Il y a eu une conférence au sommet sur la sécurité nucléaire à Séoul les 26 et 27 mars, et l'ambassadeur Murata et moi-même nous sommes concertés dans l'effort de trouver quelqu'un pour informer les participants des 34 nations du potentiel catastrophique mondial du réacteur 4. Nous avons demandé à plusieurs participants de partager l'idée d'une équipe d'estimation indépendante comprenant un large groupe d'experts internationaux pour gérer cette question urgente. J'aimerai présenter le courrier de l'ambassadeur Murata au secrétaire général des Nations-Unies, Ban Ki-moon qui contient cet urgent message et aussi sa lettre au premier ministre japonais Yoshihiko Noda pour les lecteurs japonais. Il a souligné dans sa déclaration que nous devrions user de sagesse pour estimer ce défi sans précédent. Il nous semble que le sommet sur la sécurité nucléaire se concentrait sur la question nucléaire de la Corée du nord et la question de sécurité commune venant d'attaques terroristes. Notre appel sur le besoin d'une estimation indépendante sur le réacteur 4 a été considéré comme moins urgent. Nous avions prédit ce résultat en fonction de la nature du sommet. Je suppose que la plupart des participants ont pleinement compris la catastrophe potentielle qui toucherait leur pays. Ils décidèrent néanmoins de ne pas soulever ce délicat problème, peut-être pour ne pas froisser leurs relations diplomatiques avec le Japon. J'ai été ému par le courage de l'ambassadeur Murata d' insister sur cette question japonaise. Je sais combien il est difficile pour un ancien diplomate de carrière de faire ceci, surtout dans mon pays.
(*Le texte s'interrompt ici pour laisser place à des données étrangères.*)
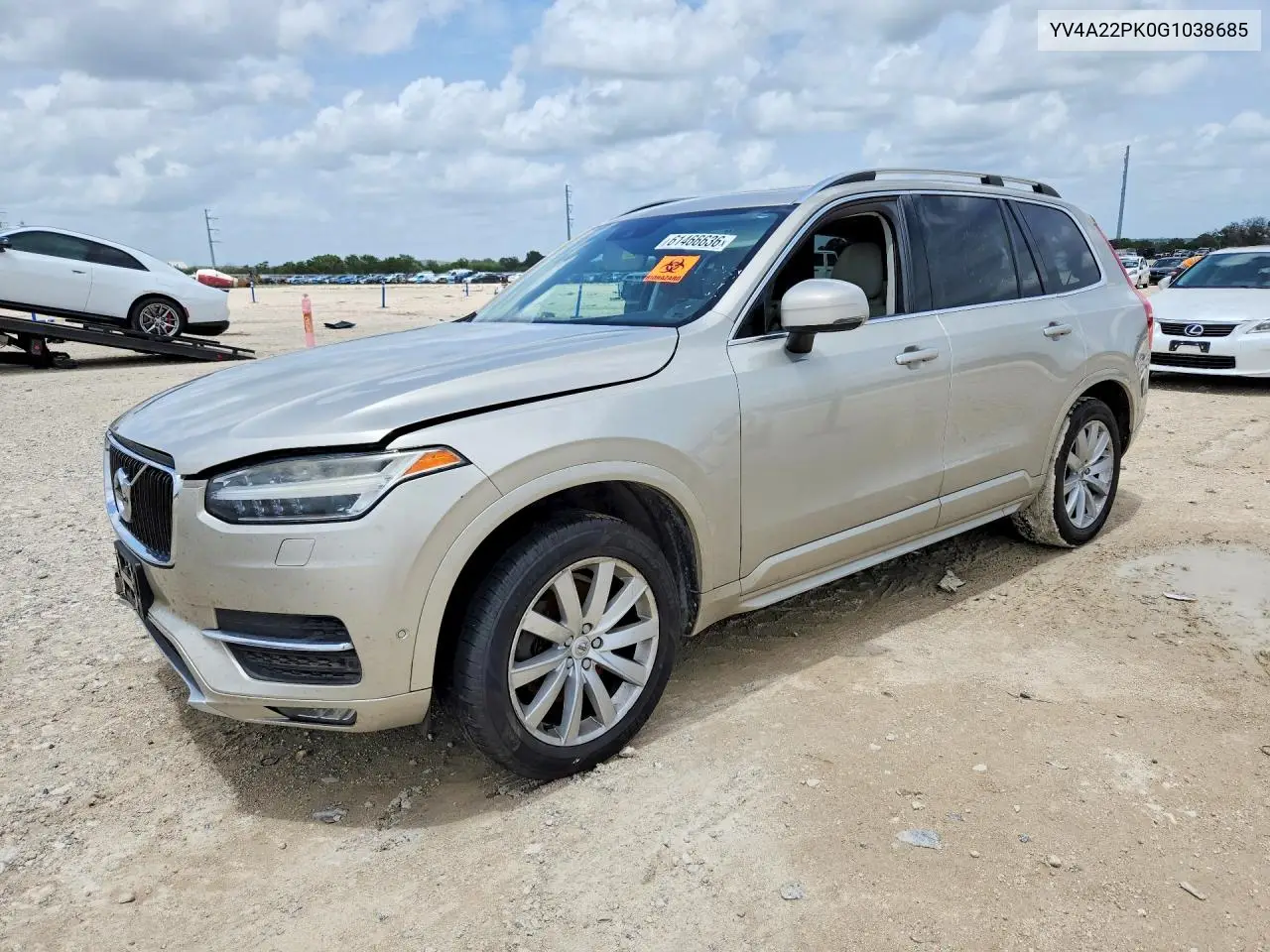 2016 Volvo Xc90 T6 VIN: YV4A22PK0G1038685 Lot: 61466636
Les actuels et anciens responsables de gouvernement pourraient être restreints de manière semblable dans leur champ d'action, comme pour l'ambassadeur Murata, mais c'est de leur responsabilité de prendre position pour le bénéfice de nos descendants pour les siècles à venir - pour arriver à un monde plus sûr que celui de nos prédécesseurs. Si les dirigeants du gouvernement japonais ne reconnaissent pas le risque auquel fait face leur nation, comment le reste d'entre nous peut-il être persuadé d'une catastrophe imminente ? Et si le reste d'entre nous ne reconnaît pas la catastrophe à laquelle nous faisons face collectivement, qui sera le premier à agir ?

Tokyo, 25 mars 2012 

Cher secrétaire-général, Honorable Ban Ki-moon, Je souhaite exprimer ma sincère gratitude pour votre lettre bienveillante en date du 2 mars 2012. Votre soutien moral pour le Sommet éthique des Nations-Unies restera une source constante d'encouragement pour mes activités. Permettez-moi s'il vous plaît de rendre hommage à votre grande contribution au renforcement de la sécurité nucléaire. L'actuel Sommet de Séoul est sans doute le grand bénéficiaire de la réunion de haut niveau convoquée en septembre dernier. On m'a demandé de faire une déclaration à l'audience publique du comité du budget de la Chambre du Conseil le 23 mars. J'ai soulevé le problème crucial du réacteur n°4 de Fukushima contenant 1535 barres de combustible. Elle pourrait être fatalement endommagée par les répliques continuelles. Il existe de plus à 50 mètres de là une piscine commune aux 6 réacteurs contenant 6375 barres de combustible !Il n'est pas exagéré de dire que le destin du Japon et du monde dépend du réacteur n°4. C'est confirmé par des experts des plus crédibles comme le Dr Arnie Gundersen ou le Dr Fumiaki Koide. Permettez-moi s'il vous plaît de vous informer d'une initiative prise par un ancien responsable des Nations-Unies qui a essayé de soulever le problème crucial du réacteur n°4 de Fukushima au Sommet sur la sécurité nucléaire. Il poursuit l'établissement d'une équipe d'estimation indépendante. Je pense que ses efforts sont très valables, parce qu'il est indispensable d'attirer l'attention des dirigeants du monde sur cette question vitale. Je coopère avec lui, en écrivant à certaines de mes relations coréennes que ce problème mérite l'attention personnelle du président Lee Myung-bak. J'ai écrit aujourd'hui au premier ministre Noda. Je lui ai demandé de prendre en compte l'initiative de mobiliser la sagesse des humains vers la sortie du problème du réacteur n°4, en prenant pleinement en compte ''l'équipe d'estimation indépendante'' sus-mentionnée. Le monde est devenu si fragile et vulnérable. Le rôle des Nations-Unies est de plus en plus vital. Je vous souhaite la meilleure chance dans votre noble mission. Acceptez, Secrétaire général Ban Ki-moon, l'assurance de ma plus haute considération. Mitsuhei Murata Ancien ambassadeur japonais pour la Suisse et le Sénégal

lundi 9 avril 2012

ガレキを拡散しないで下さい: 全国と海外から圧力をかけましょう! Please don't spread the rubble in Japan: a national and international movement to help the people of Japan!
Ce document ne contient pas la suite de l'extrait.